Objectives and Study Overview

This study aimed to develop a robust and sensitive analytical method for simultaneous quantification of chlorite, chlorate and bromate in drinking water. The approach integrates suppressed anion chromatography with a novel electrolytically regenerated suppressor and single quadrupole mass spectrometry employing electrospray ionization in negative mode. Conductivity detection directs target analytes to the mass spectrometer via a divert valve, enabling selective monitoring.

Instrumentation Used

• A modular Shimadzu Prominence IC system featuring an electrolytically regenerated suppressor
• Two pumps: one for eluent delivery to the chromatographic column and another for suppressor regeneration at 1.2 mL/min
• Conductivity detector to monitor column effluent and control valve position
• Shimadzu LCMS-2020 single quadrupole mass spectrometer with an ESI interface operating in negative ion mode
• Divert valve to route only oxyhalide peaks to the MS, protecting the detector from excess salts

Methodology

Water samples were injected into the IC system with an ion-exchange column.
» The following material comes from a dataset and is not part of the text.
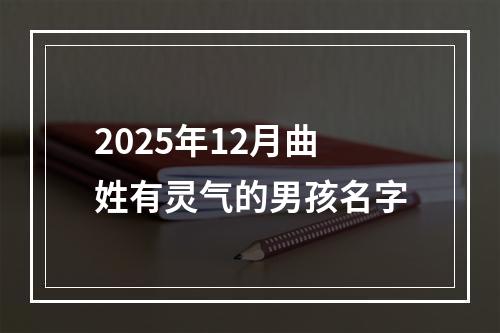 2025年12月曲姓有灵气的男孩名字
The eluent was suppressed via continuous electrochemical generation of hydronium ions, converting salts into their corresponding acids and lowering background conductivity. A conductivity detector tracked eluent composition, triggering a valve to direct analyte-rich fractions to the MS for selected ion monitoring of characteristic isotopic masses. Calibration curves were prepared over 0.5–100 ppb for chlorite and chlorate, and 0.5–25 ppb for bromate, using 1/x weighting.

Main Results and Discussion

Linear calibration (r2>0.999) and accuracy between 82–120 % were achieved for all three analytes at each isotopic mass. Retention times were 10.5 min for chlorite, 10.9 min for bromate and 18.8 min for chlorate, with expected isotopic ratios observed. Method precision was excellent, with RSDs below 3 % at 1 ppb and 10 ppb levels and below 6.5 % at 0.5 ppb. Recovery tests in six drinking water matrices spiked at 10 ppb yielded recoveries of 84.1–113.6 %, demonstrating minimal matrix effects and high recovery.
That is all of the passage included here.